Borrowers pay the interest for the loan to settle their financial hardship. Investors make money from the interest. In the meanwhile, the platform charges startup fees from borrowers and service fees from investors.
One main concern of investors is whether borrowers would default on loans or not. If the default does happen, investors would lose their investment. In this project, I used the Light GBM and MLP to predict the borrowers' loan status and achieved an accuracy of 85%.
The dataset contains loan data for loans issued through 2007 to 2011, including the current loan status (Charged off, Fully Paid, etc.), loan amount, loan grade, loan purpose, and latest payment information.
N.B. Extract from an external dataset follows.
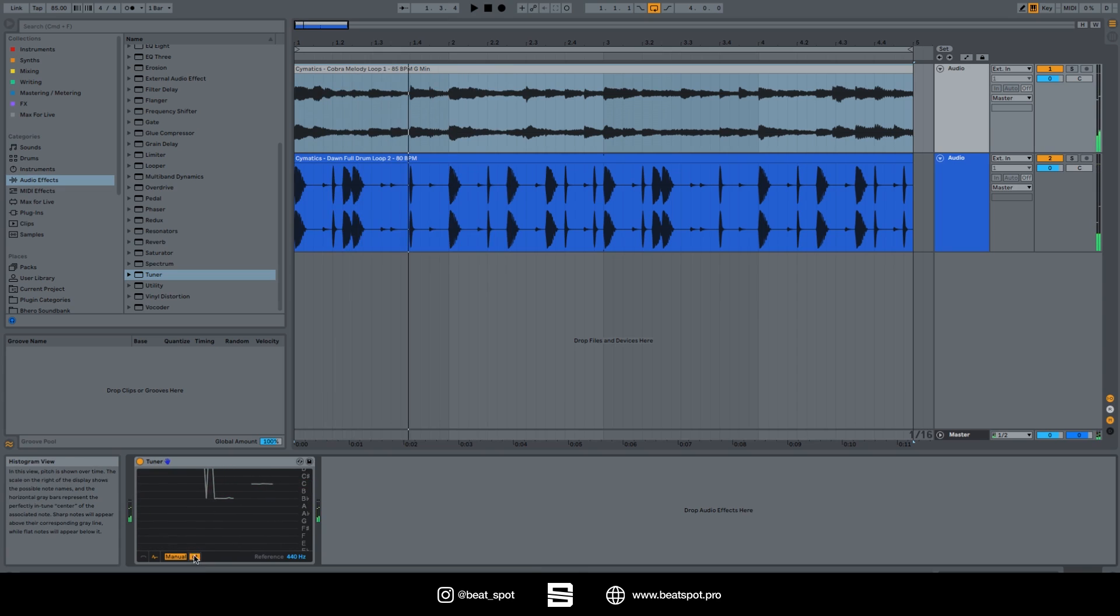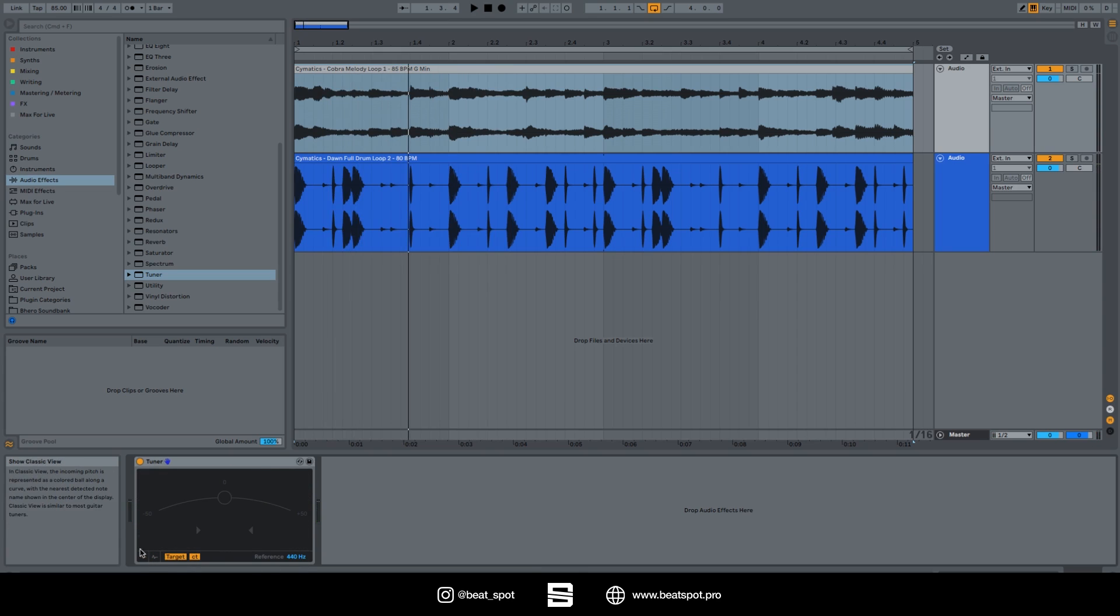Here's the cents. Then we have the final thing which is the reference, and it depends on how we tuned our project and our instruments. The standard is 440 hertz. That's it for the tuner - see you in the next video.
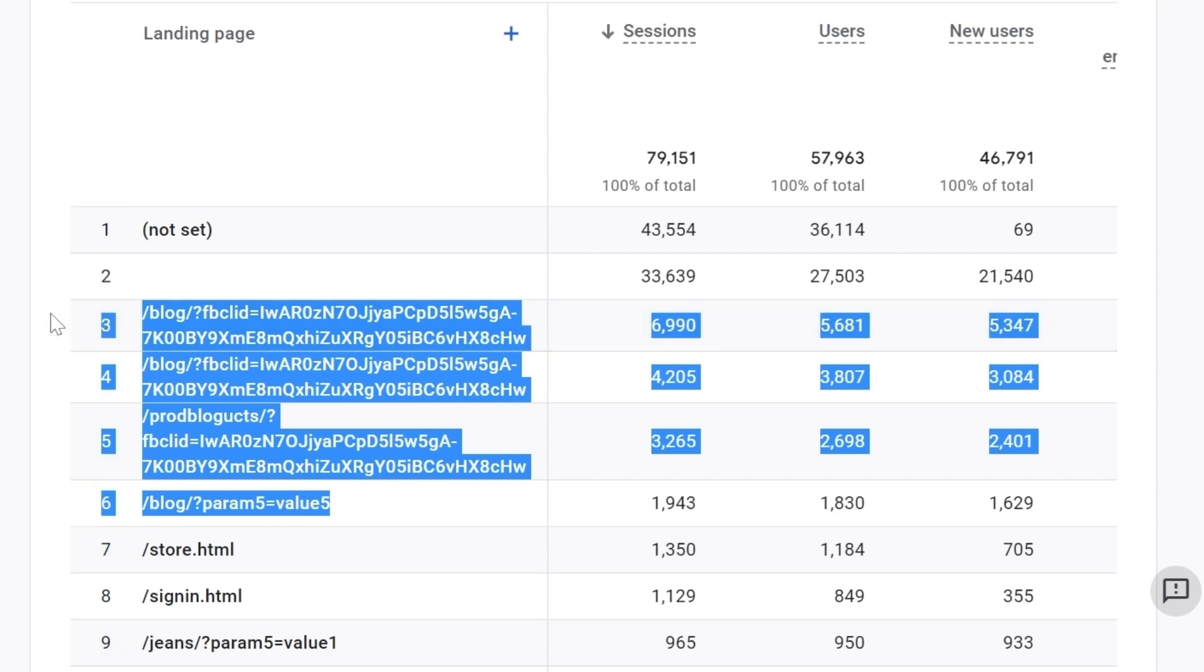For example, if you share a link on Facebook and you got multiple users clicking on the link and landing to the page, for each of these users, Facebook will add to the URL a unique parameter which will generate this duplicate data in GA4.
To build a prediction model based on this dataset, one important thing to notice is information leakage. As this dataset contains much up-to-date information related to the number of delinquency month and charge off collection fee etc, these features suggest a charge-off the loan. During the prepossessing stage, in addition to deal with missing values and categorical features, columns related to information leakage should also be removed for the model training.
Light GBM and MLP were trained on this dataset. The hyperparameters for Light GBM were chosen through 5-fold cross-validation. The feature importance plot gave some of the influential features in the prediction.
Our model achieved a high precion of 0.86 on the test set. The F1 score is 0.92.
When comparing the results from Light GBM with these from MLP, we can see that MLP did a better job on the training set with an 87 % training accuracy but the accuracy dropped by about 2 % on the testing set.
From the confusion matrix, we can see our classifier has high precision but low recall. This means the proportion of borrowers predicted to have good loan behaviors are indeed those who would fully pay the loan is high. But when the true label is charge-off, our classifier is not sensitive enough to notice that. This might be caused by the imbalanced class in the dataset. Actually, in this case, we do care more about precision as investors want to invest in those who are less likely to default.